My husband and I just got back to Houston from a family visit in Montreal, Canada. I love that city. From the bilingual element and temperamental weather, to the decidedly young population living among beautiful old buildings. Montreal has a whole lot to offer.
We generally go twice a year to visit my in-laws, staying on average about one to two weeks at a time. In between the good ol’ family bonding, we usually squeeze in an awesome activity here and there. From learning how to snow board at the nearby resort of Mont Tremblant, train rides to Quebec City, and of course plenty of Cirque du Soleil performances: all barely scratching the surface!
This time around, our visit happened to coincide with one of the coldest winter weeks Montreal has seen in a very long time. With temperatures ranging from -30C to -10C (-22F to 14F) we were perfectly happy to spend most nights bundled up at home introducing my in-laws to the power and wonder of instant streaming on Netflix.
With my father-in-law approaching his mid-70s and my mother-in-law suffering from high cholesterol and diabetes, it wasn’t just the cold that kept us inside this time around.
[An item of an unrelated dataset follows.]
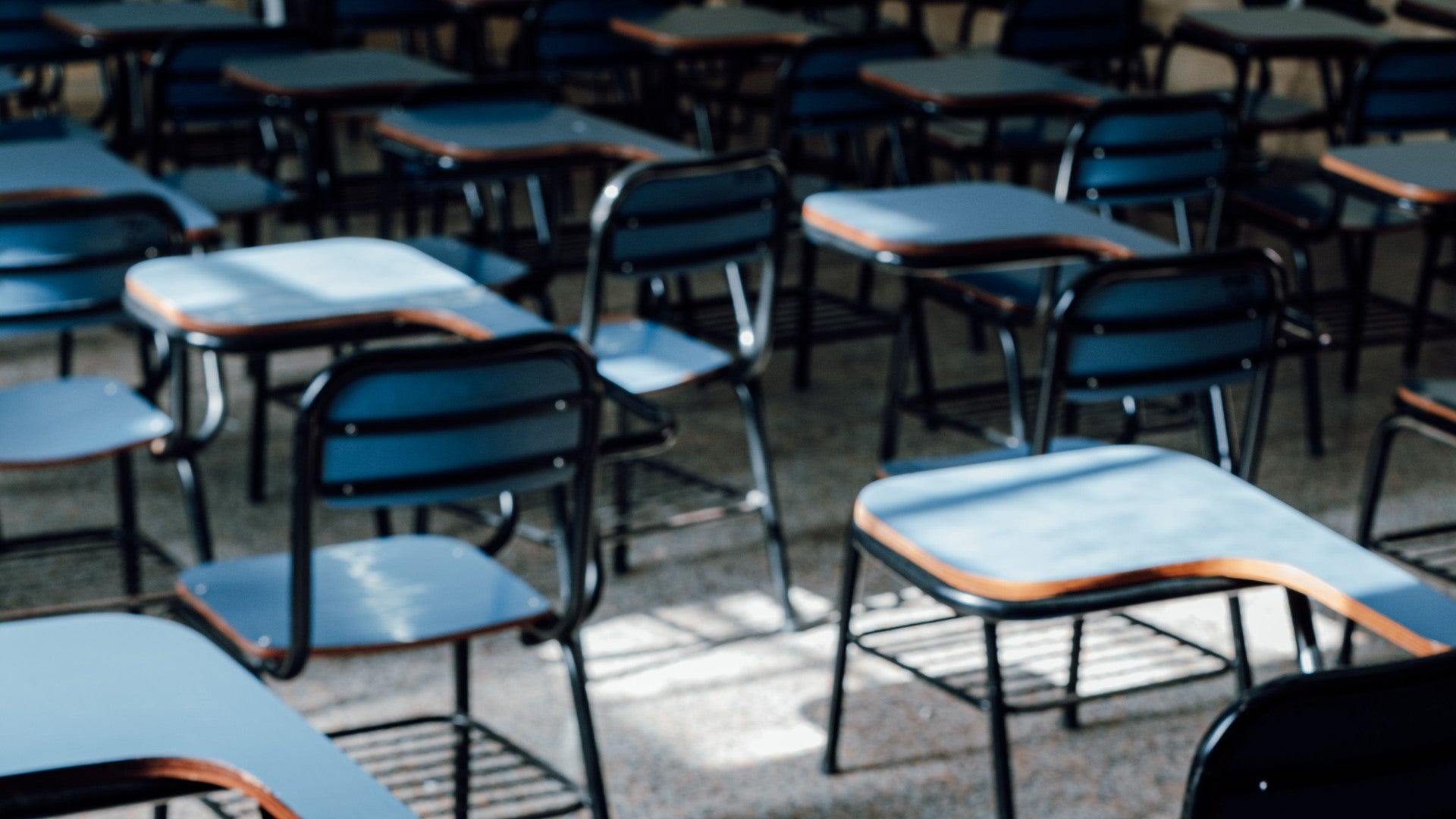 Un aula vacía llena de filas ordenadas de pupitres - Foto de referencia: Pexels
We went to stay with them expecting this trip to be a bit more low-key than usual. This time around, it was a vacation for the soul, of rest, and home cooked meals. And sometimes that’s just perfectly fine.
You see, my husband is really one of the good ones, the kind that doesn’t come around too often. He is the kind of son that grew up realizing his parents were his best friends. The kind who finds joy and content in helping them program different gadgets around the house and taking them to doctor appointments. The kind whose heart literally breaks when he has to leave his parents alone in a frosty city.
So if I can play a small part in making our week together more enjoyable, that’s what I’ll do. Because that’s love.
So to my husband: what’s yours is mine. Your joy is mine, your heartbreak is mine.